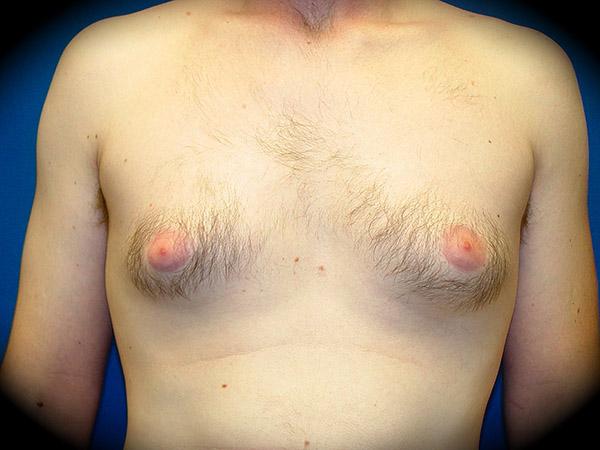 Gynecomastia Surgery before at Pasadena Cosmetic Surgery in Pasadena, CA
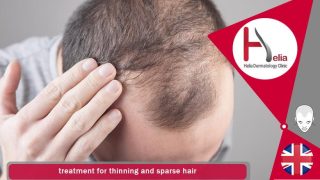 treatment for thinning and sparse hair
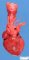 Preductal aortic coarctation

--- --- ---

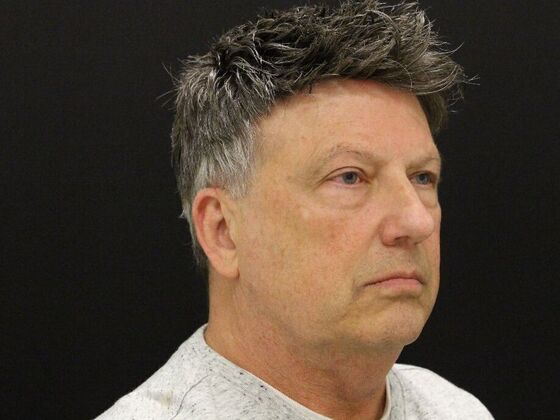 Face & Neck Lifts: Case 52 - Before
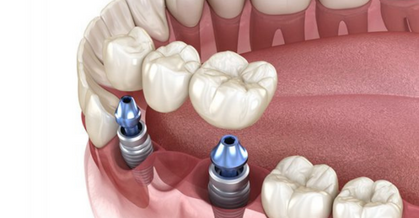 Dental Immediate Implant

--- --- ---

§ **EXERCISE DETAILS**
Starting at the line above that has "treatment for thinning and sparse hair" and ending at the line that has "Preductal aortic coarctation", copy each line exactly, leaving the pictures out and adding nothing.

§ **WRITTEN ANSWER**
 treatment for thinning and sparse hair
 Preductal aortic coarctation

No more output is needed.